Documented in pipeop_preproc_torch

#' @title Base Class for Lazy Tensor Preprocessing
#' @name mlr_pipeops_preproc_torch
#'
#' @description
#' This `PipeOp` can be used to preprocess (one or more) [`lazy_tensor`] columns contained in an [`mlr3::Task`].
#' The preprocessing function is specified as construction argument `fn` and additional arguments to this
#' function can be defined through the `PipeOp`'s parameter set.

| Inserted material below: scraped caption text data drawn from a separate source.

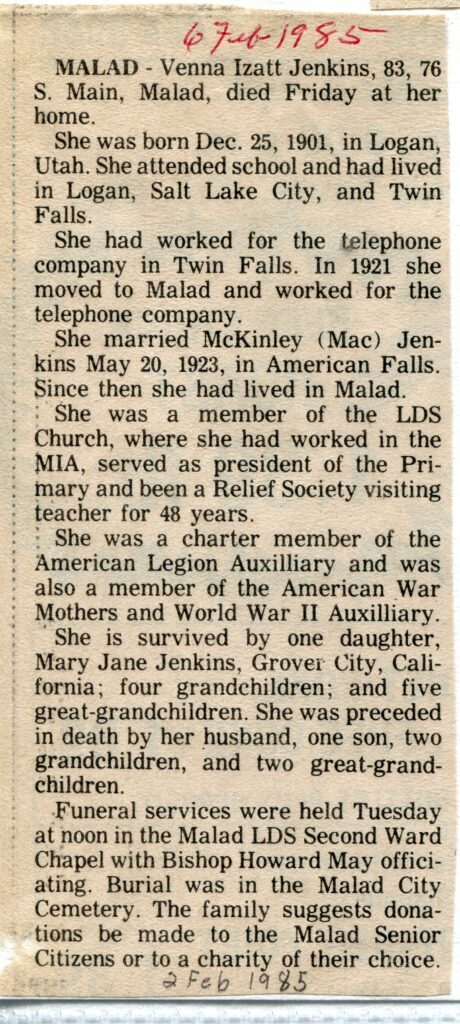 Jenkins Venna Izatt (02 Feb 1985)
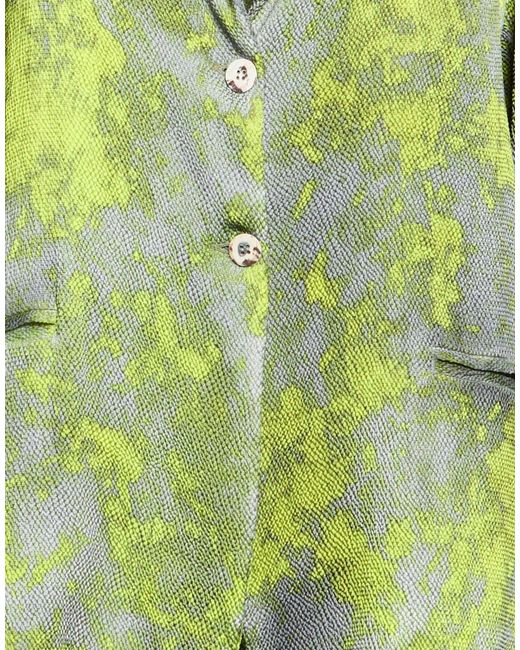 Avant Toi Green Blazer Silk, Elastane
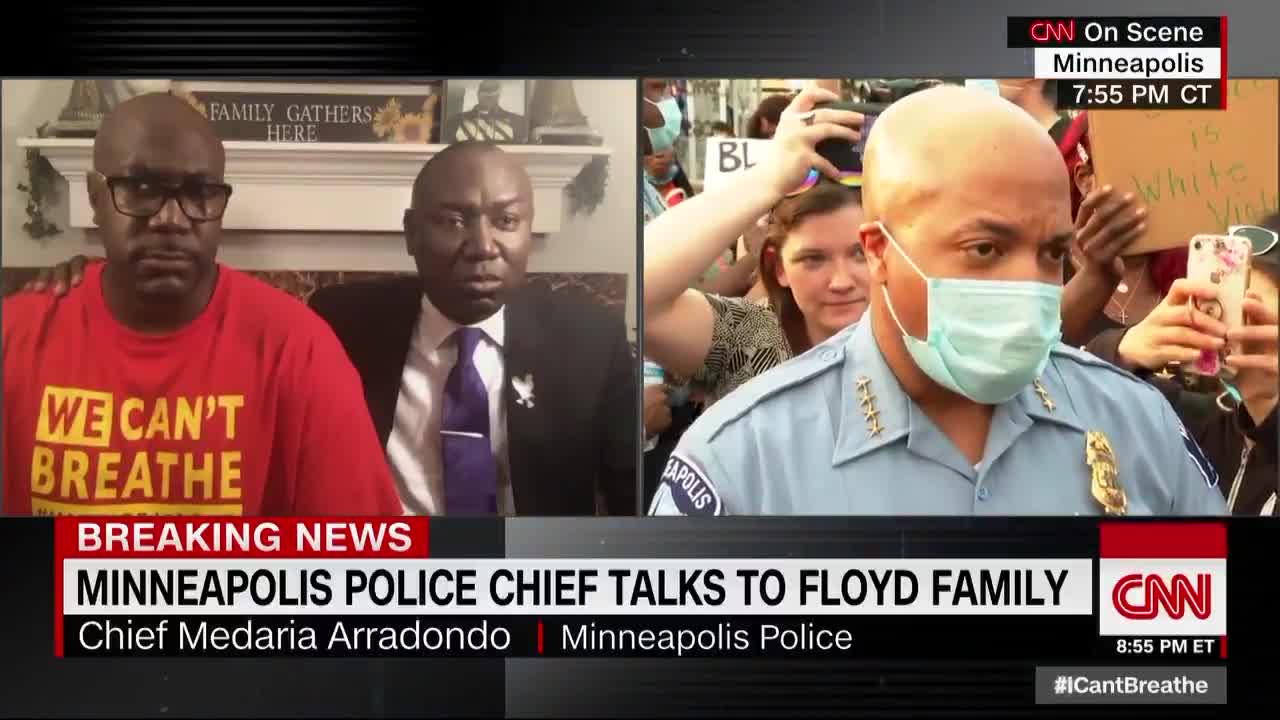 Minneapolis police chief talks to CNN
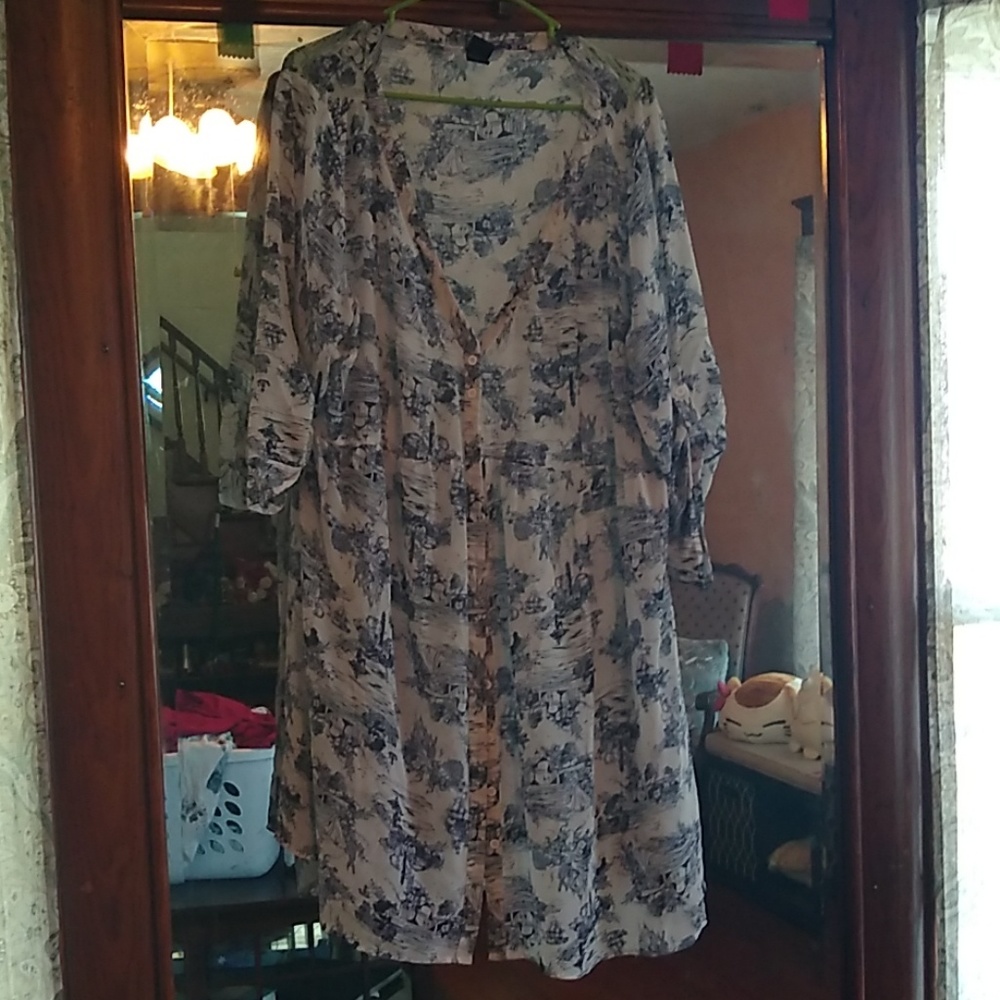 Little mermaid dress shirt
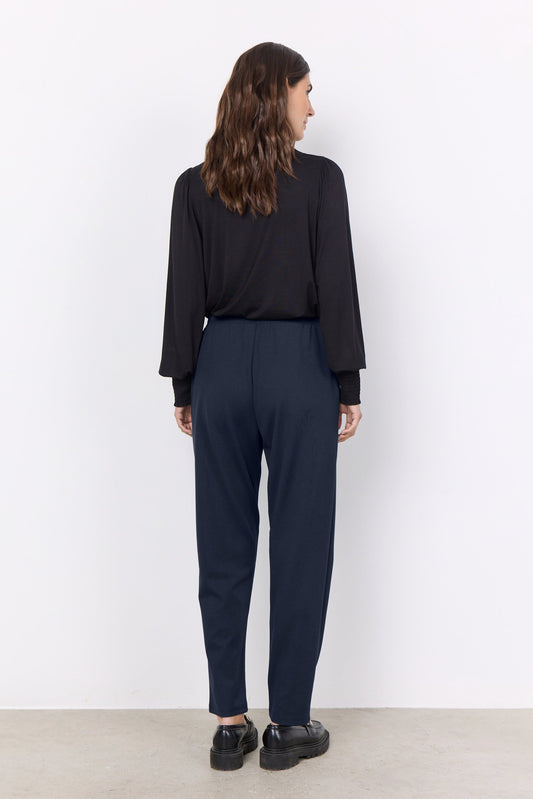 Siham Pants | Navy Pants Soya Concept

#' The preprocessing is done per column, i.e. the number of lazy tensor output columns is equal
#' to the number of lazy tensor input columns.
#'
#' To create custom preprocessing `PipeOp`s you can use [`pipeop_preproc_torch`].
#'
#' @section Inheriting:
#' In addition to specifying the construction arguments, you can overwrite the private `.shapes_out()` method.
#' If you don't overwrite it, the output shapes are assumed to be unknown (`NULL`).
#'
#' * `.shapes_out(shapes_in, param_vals, task)`\cr
#'   (`list()`, `list(), `Task` or `NULL`) -> `list()`\cr
#'   This private method calculates the output shapes of the lazy tensor columns that are created from applying
#'   the preprocessing function with the provided parameter values (`param_vals`).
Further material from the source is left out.